Provided records ▸
== == ==

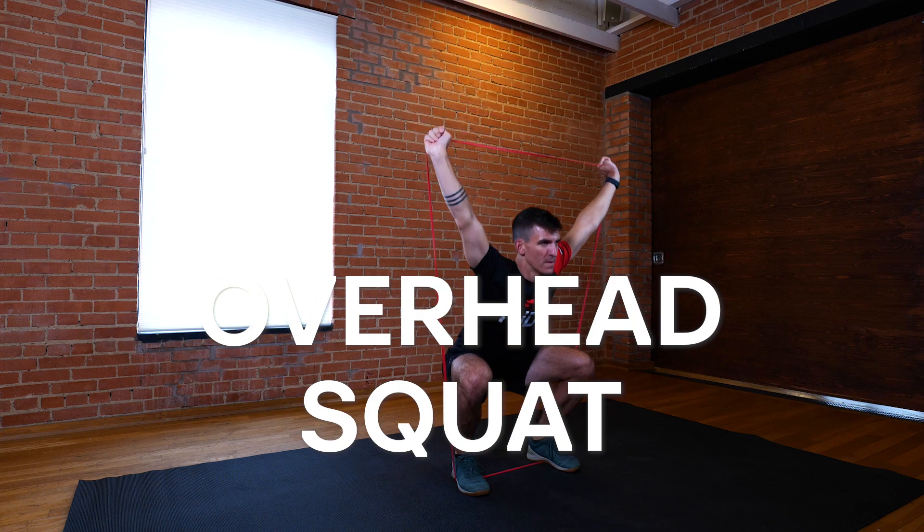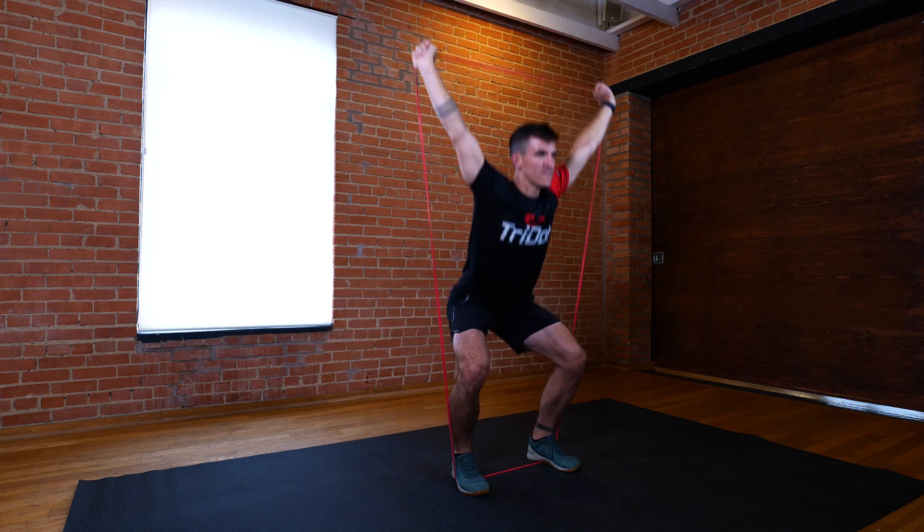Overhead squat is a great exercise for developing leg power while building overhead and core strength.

== == ==

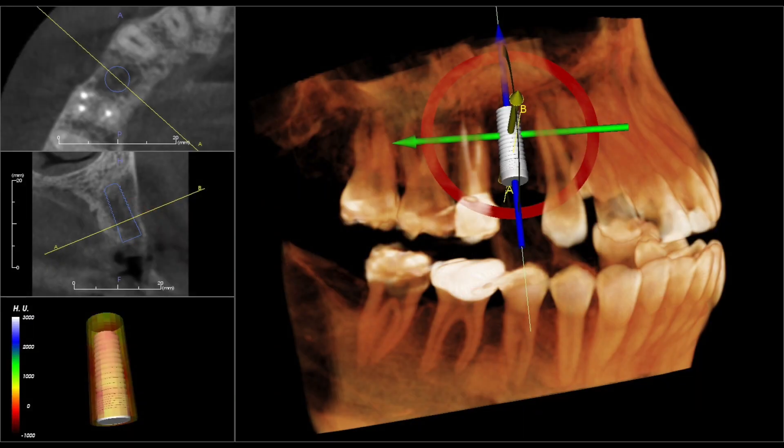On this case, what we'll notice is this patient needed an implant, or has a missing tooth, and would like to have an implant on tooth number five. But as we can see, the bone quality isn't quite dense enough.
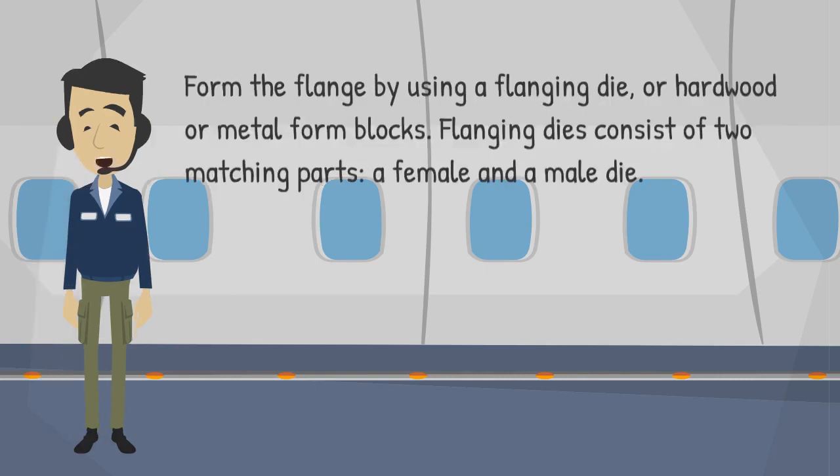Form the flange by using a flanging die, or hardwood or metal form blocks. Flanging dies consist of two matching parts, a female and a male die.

== == ==

Work order ▸ What's needed is an exact copy of the lines above from the one with "On this case, what" through the one with "Form the flange", both included; the pictures stay out.

Written solution ▸
On this case, what we'll notice is this patient needed an implant, or has a missing tooth, and would like to have an implant on tooth number five. But as we can see, the bone quality isn't quite dense enough.
Form the flange by using a flanging die, or hardwood or metal form blocks. Flanging dies consist of two matching parts, a female and a male die.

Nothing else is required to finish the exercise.